+++ Information supplied +++
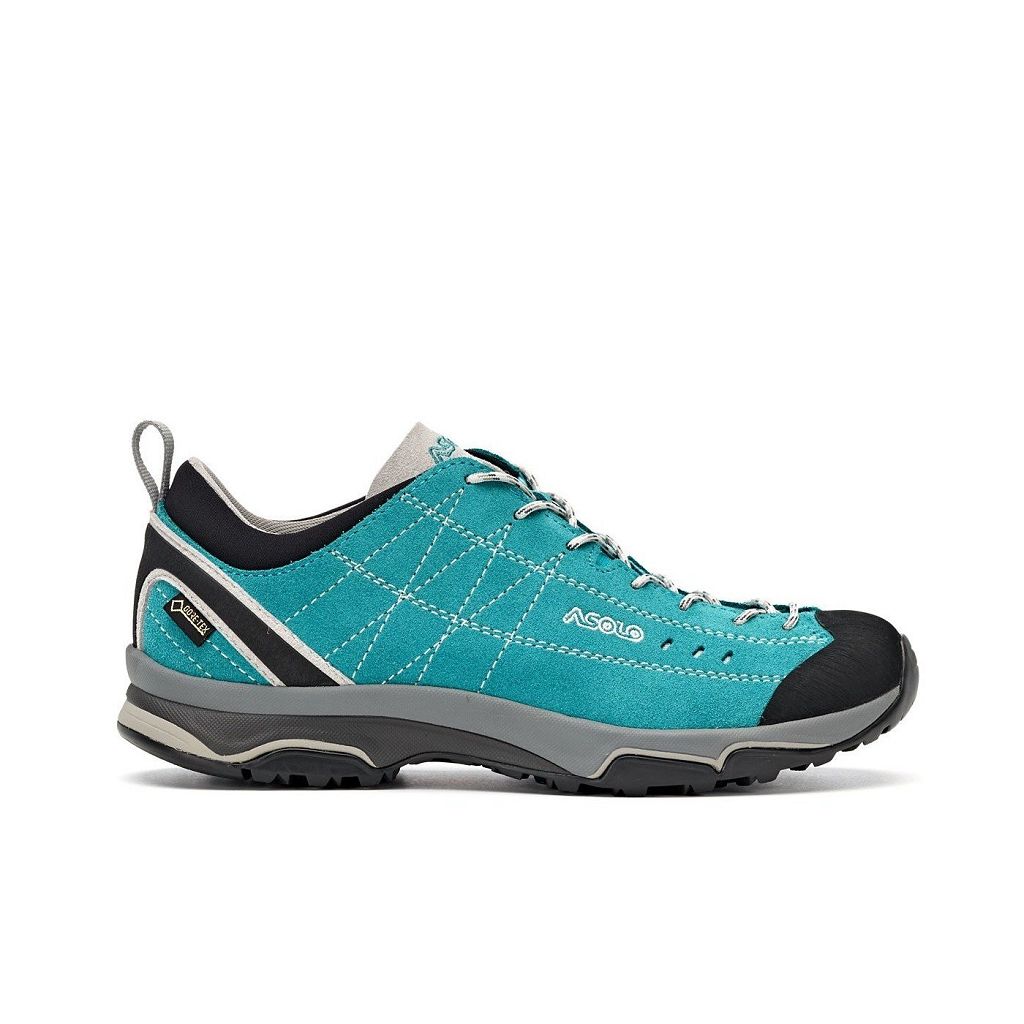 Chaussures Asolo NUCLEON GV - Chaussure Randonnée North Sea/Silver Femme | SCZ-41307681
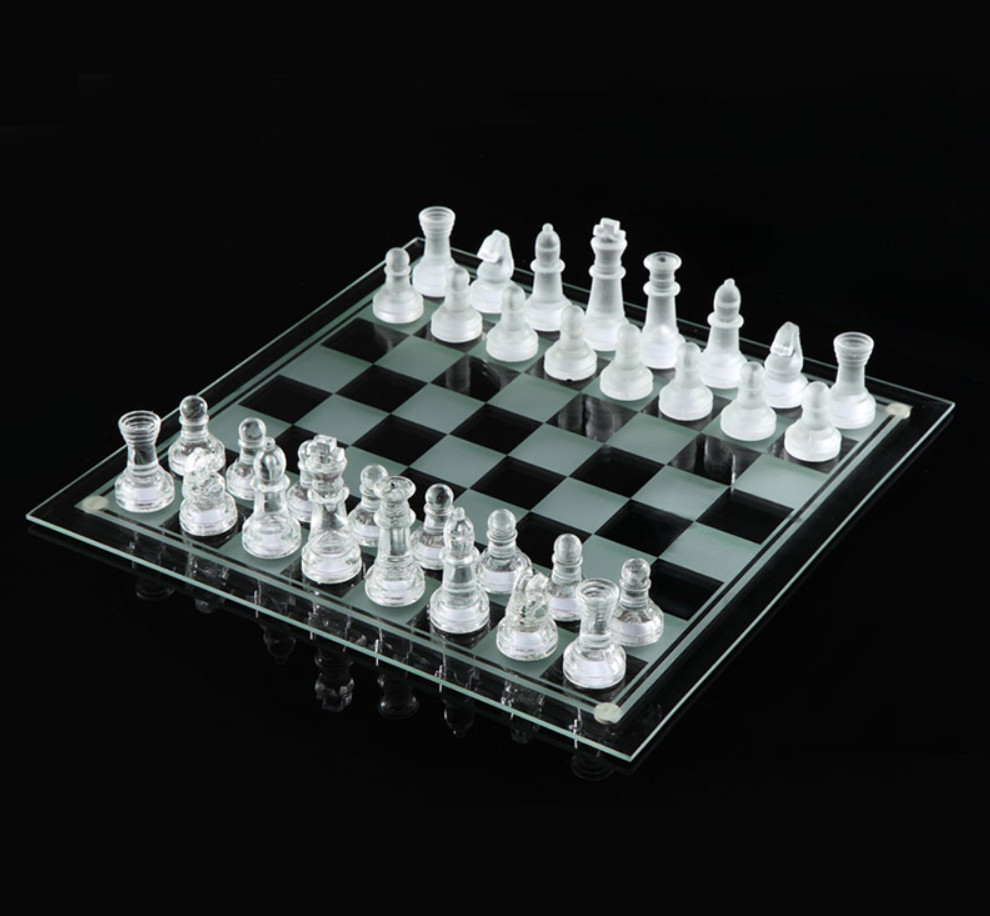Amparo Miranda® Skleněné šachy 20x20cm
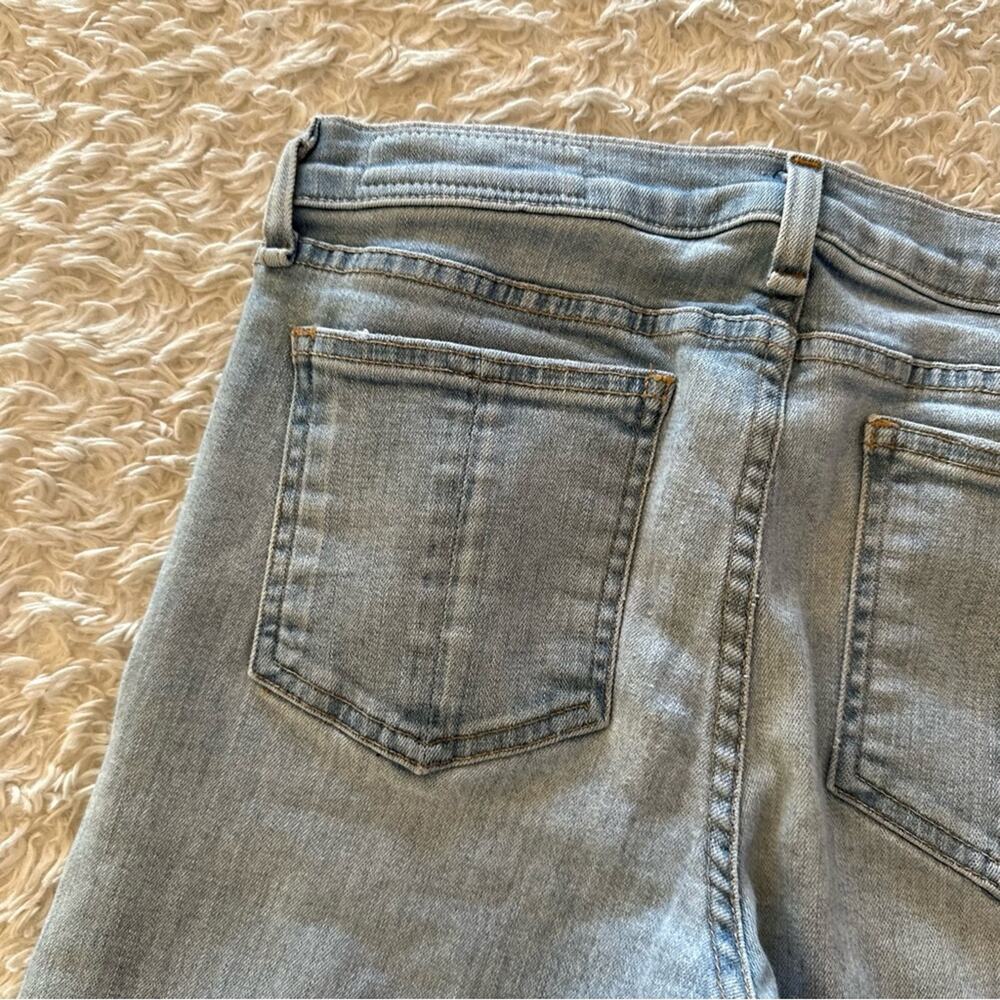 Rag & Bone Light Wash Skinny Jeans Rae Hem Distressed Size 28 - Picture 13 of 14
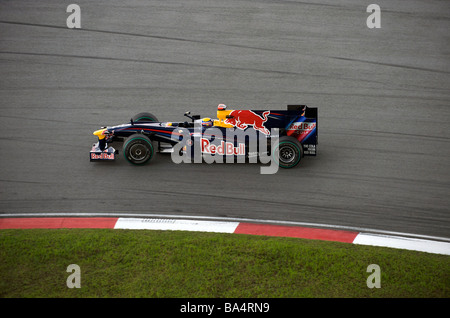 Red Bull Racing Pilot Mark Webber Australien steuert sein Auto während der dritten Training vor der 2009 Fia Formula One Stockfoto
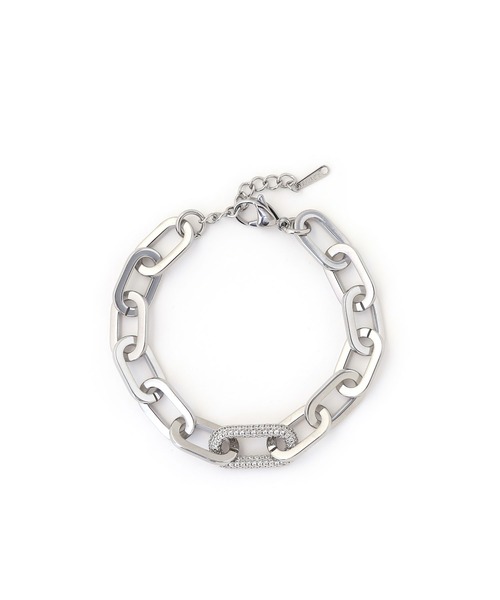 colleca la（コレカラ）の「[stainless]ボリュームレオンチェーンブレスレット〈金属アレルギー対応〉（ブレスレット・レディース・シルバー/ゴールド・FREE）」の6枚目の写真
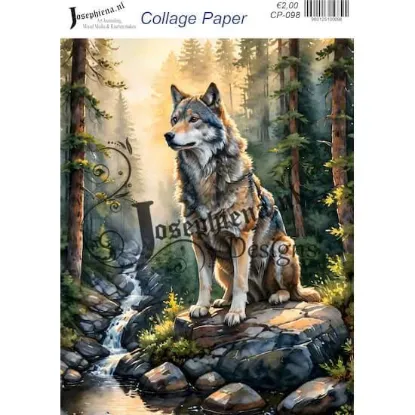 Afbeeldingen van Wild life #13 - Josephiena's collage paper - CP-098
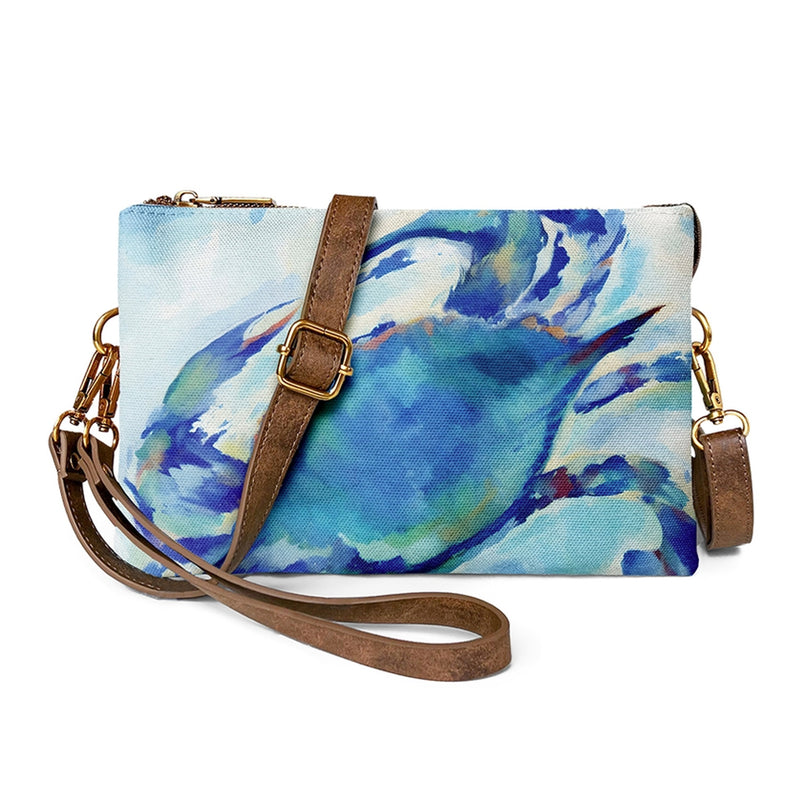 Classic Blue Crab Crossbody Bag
+++
- Assignment:
Please output all the records above exactly, leaving out every picture.

- Task answer:
 Chaussures Asolo NUCLEON GV - Chaussure Randonnée North Sea/Silver Femme | SCZ-41307681
Amparo Miranda® Skleněné šachy 20x20cm
 Rag & Bone Light Wash Skinny Jeans Rae Hem Distressed Size 28 - Picture 13 of 14
 Red Bull Racing Pilot Mark Webber Australien steuert sein Auto während der dritten Training vor der 2009 Fia Formula One Stockfoto
 colleca la（コレカラ）の「[stainless]ボリュームレオンチェーンブレスレット〈金属アレルギー対応〉（ブレスレット・レディース・シルバー/ゴールド・FREE）」の6枚目の写真
 Afbeeldingen van Wild life #13 - Josephiena's collage paper - CP-098
 Classic Blue Crab Crossbody Bag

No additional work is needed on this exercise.